▶ _Problem requirements_
When you reach the line with "Apartment, 2 Bedrooms, Terrace, Sea" in the listing below, write out that line and every one after it exactly, and skip the pictures.

▶ _Data supplied_
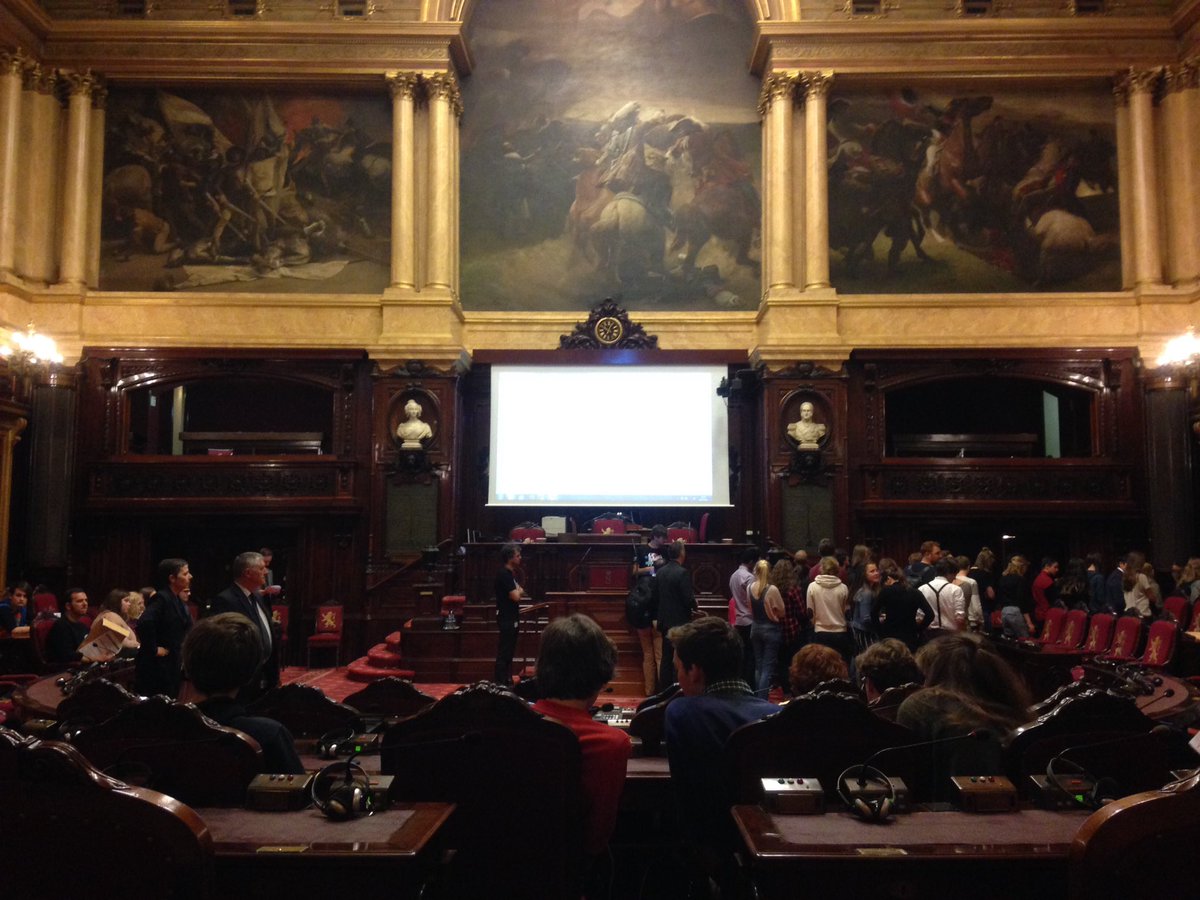 VanonckelenS's tweet image. Goede interactie tussen @KRASGlobelink jongeren en @Petervanrompuy tijdens #plenum17 in de Senaat: op naar aanbevelingen! @Globelink @vljr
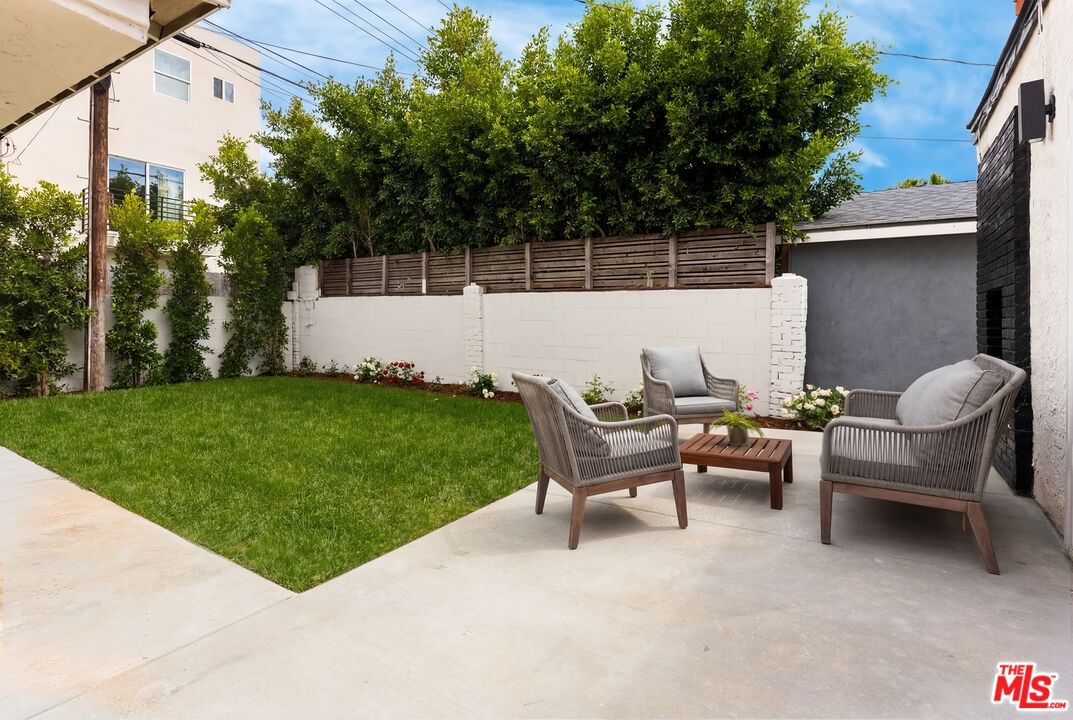 Hillcrest photo 20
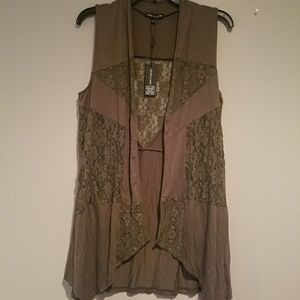 NWT Olive green cable & gauge open front vest
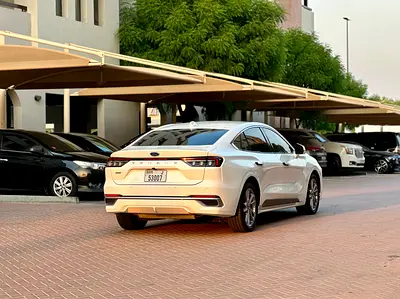 2023 FORD TAURUS 照片 3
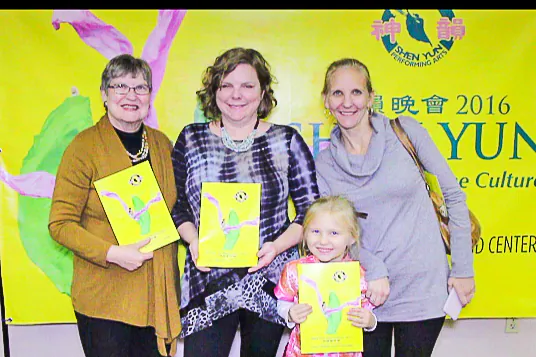 Shen Yun Connects Us to Everything, Music Teacher Says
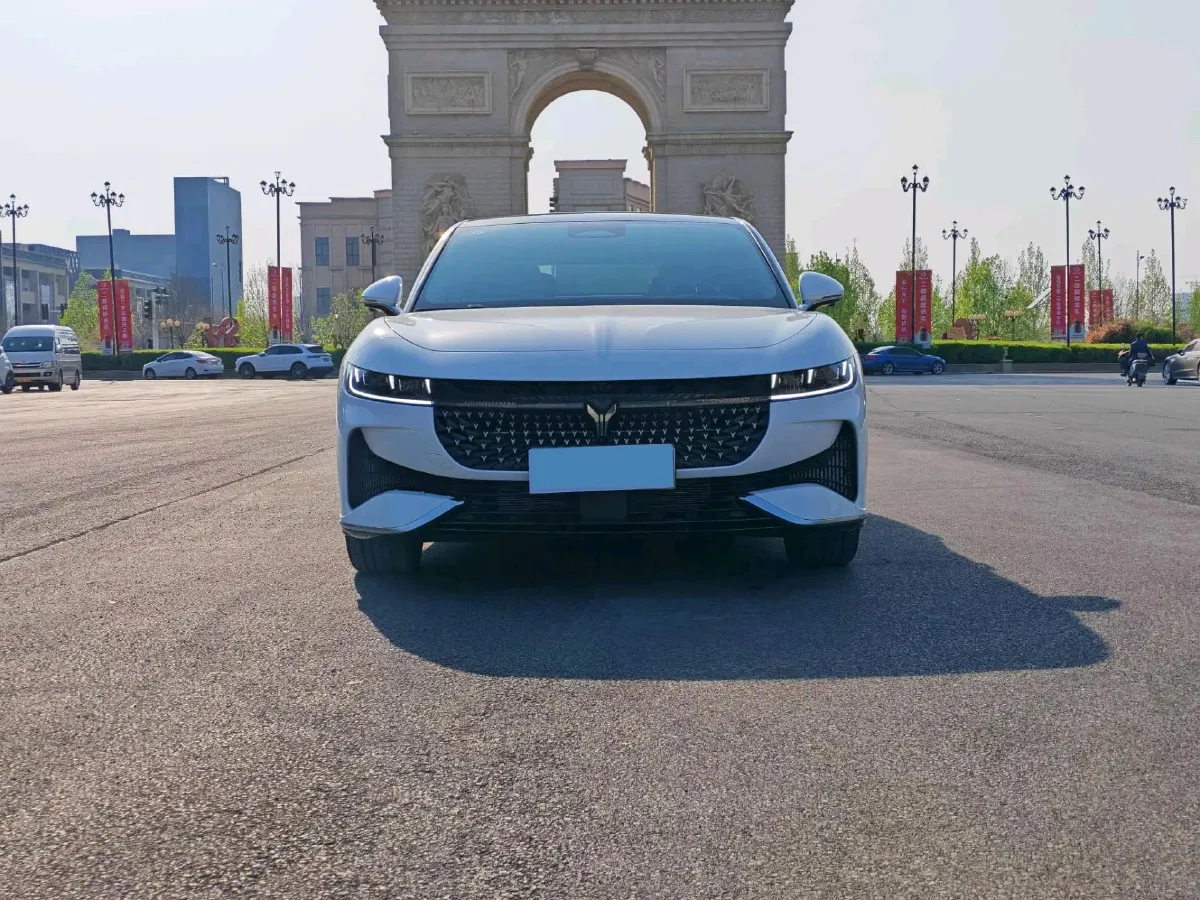 2024 Voyah ZhuiGuang 1.5T 136HP L4 PHEV 43KWH,autocango,china used car exporter,china ev exporter,chinese used car exporter,chinese used ev exporter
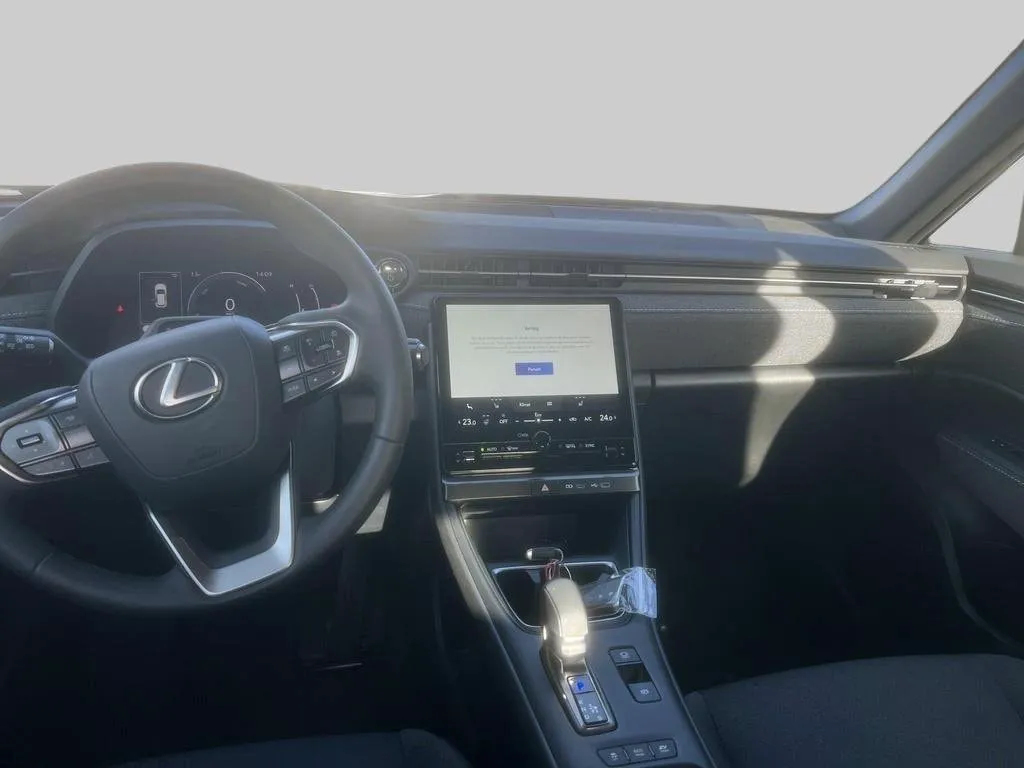 Lexus LBX bild 8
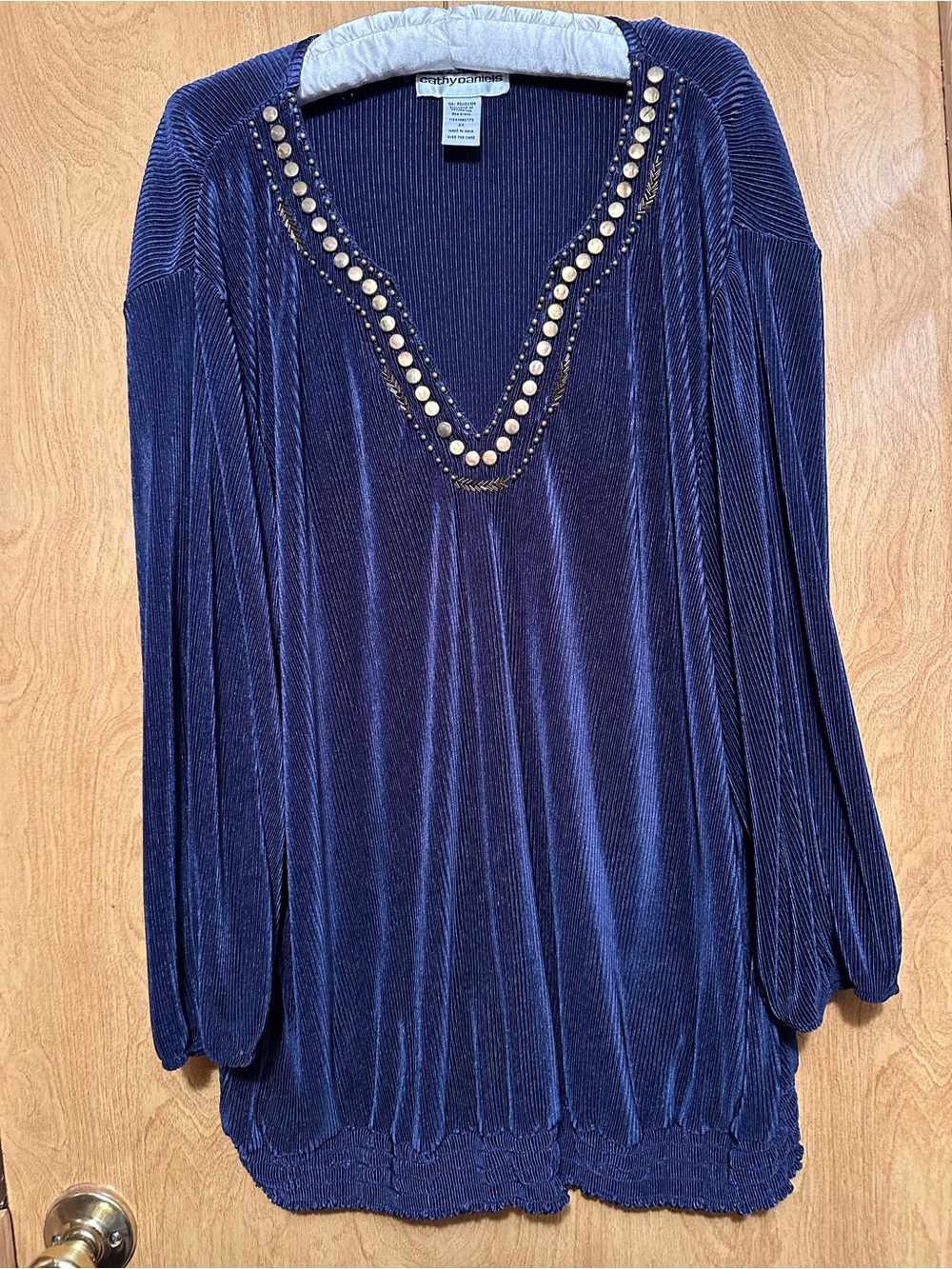 Cathy Daniels Navy Blue V-Neck Top with Gold Stud Accents 2XL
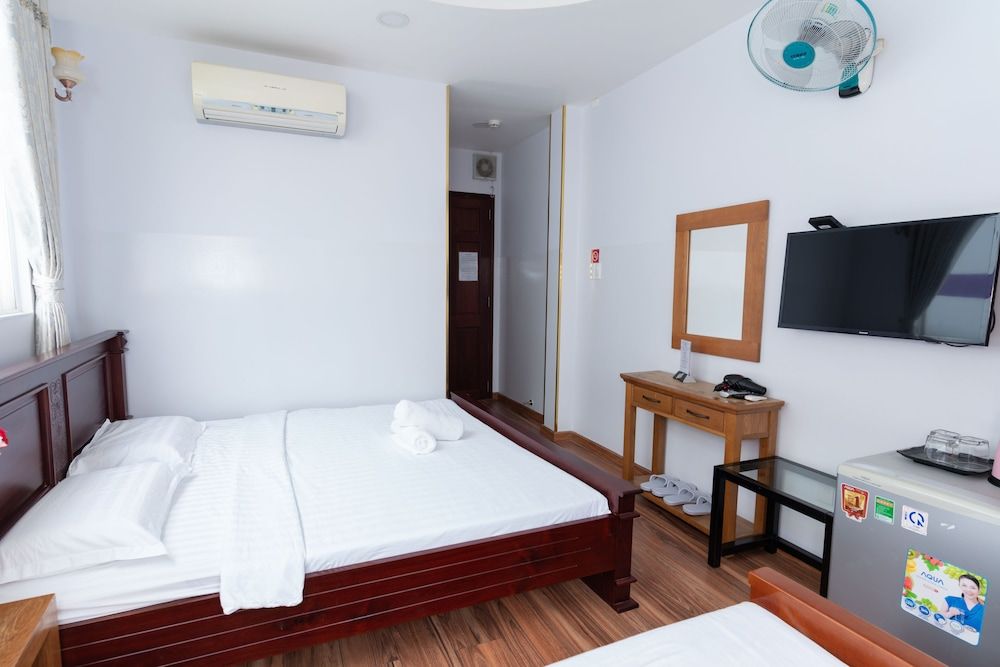 Sunny Guest House Superior Triple Room 2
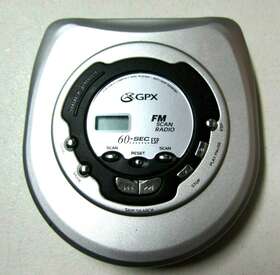Cdpr4004-n Gpx 60 Second Esp Cd Player With Fm Scan Radio Tested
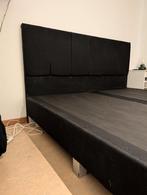 Lit king size 180x200 bleu foncé  facile à monter, Enlèvement, Utilisé, 180 cm, 200 cm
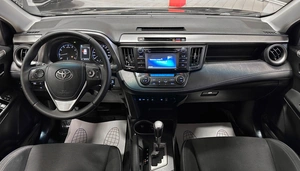 Внедорожник Toyota RAV4 2016 года, 2487000 рублей, Красноярск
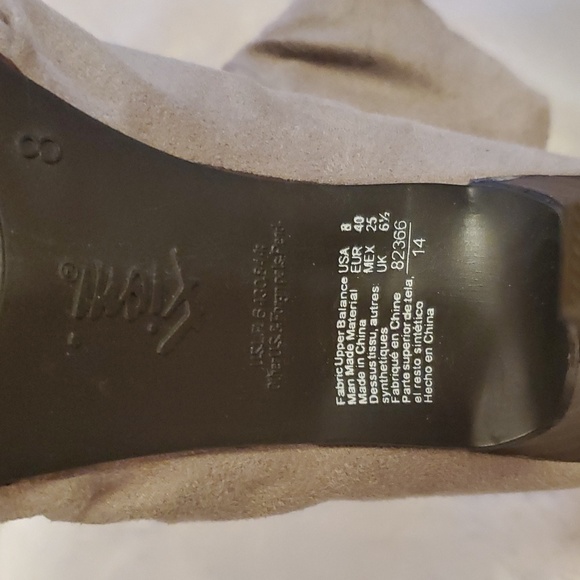 Peep toe Faux suede bootie - Picture 3 of 4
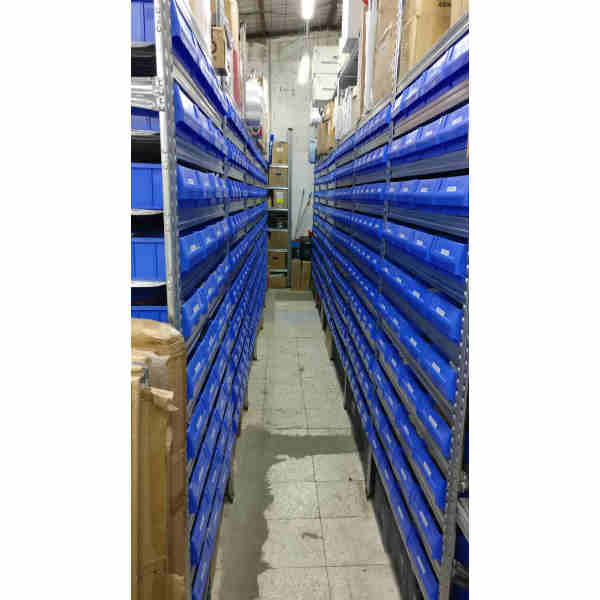 מדפים למחסן עם תאים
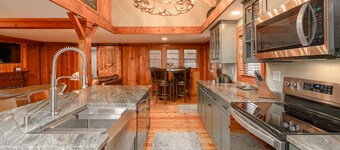 Cozy Secluded Cabin Retreat 30Ac. Horse & Pony Ranch with Pool • River & Trails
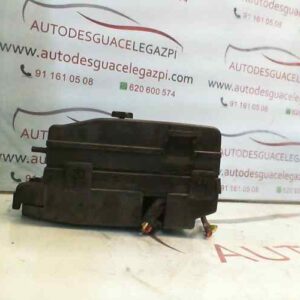 CAJA RELES / FUSIBLES HYUNDAI TRAJET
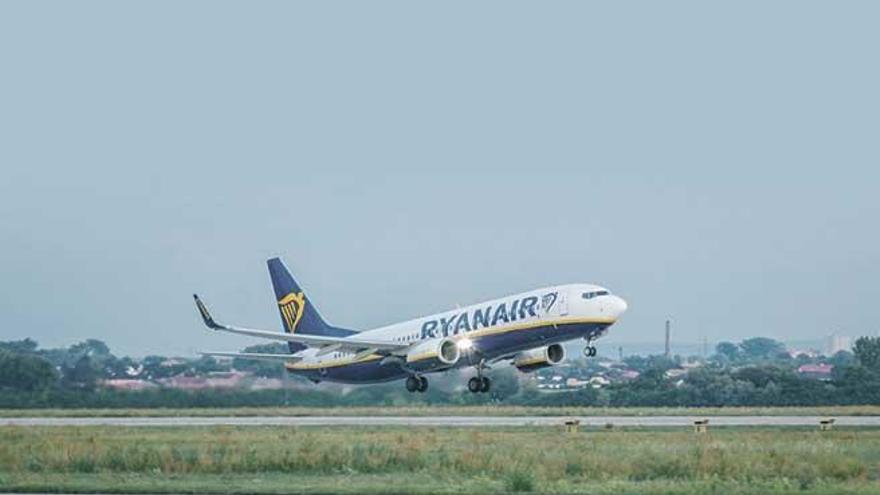 Tripulantes de Ryanair: &quot;O nos defendemos o seremos esclavos&quot;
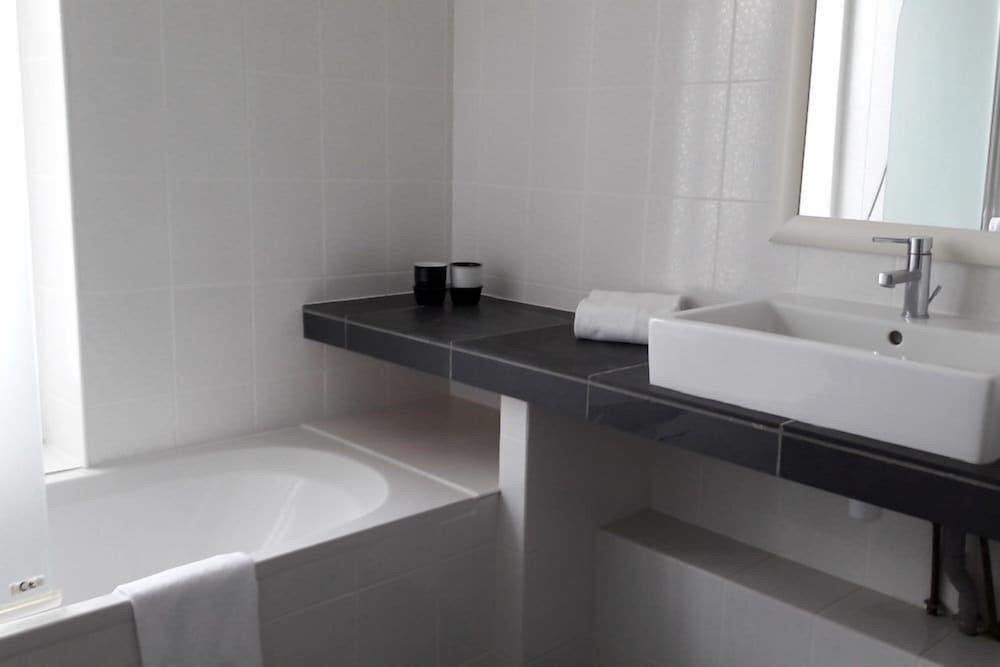 Apartment, 2 Bedrooms, Terrace, Sea View photo 2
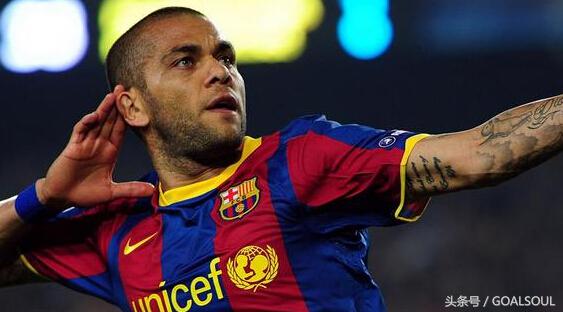 能攻善守的边后卫有哪些,21世纪前十年世界足坛十大边后卫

▶ _Result for this task_
 Apartment, 2 Bedrooms, Terrace, Sea View photo 2
 能攻善守的边后卫有哪些,21世纪前十年世界足坛十大边后卫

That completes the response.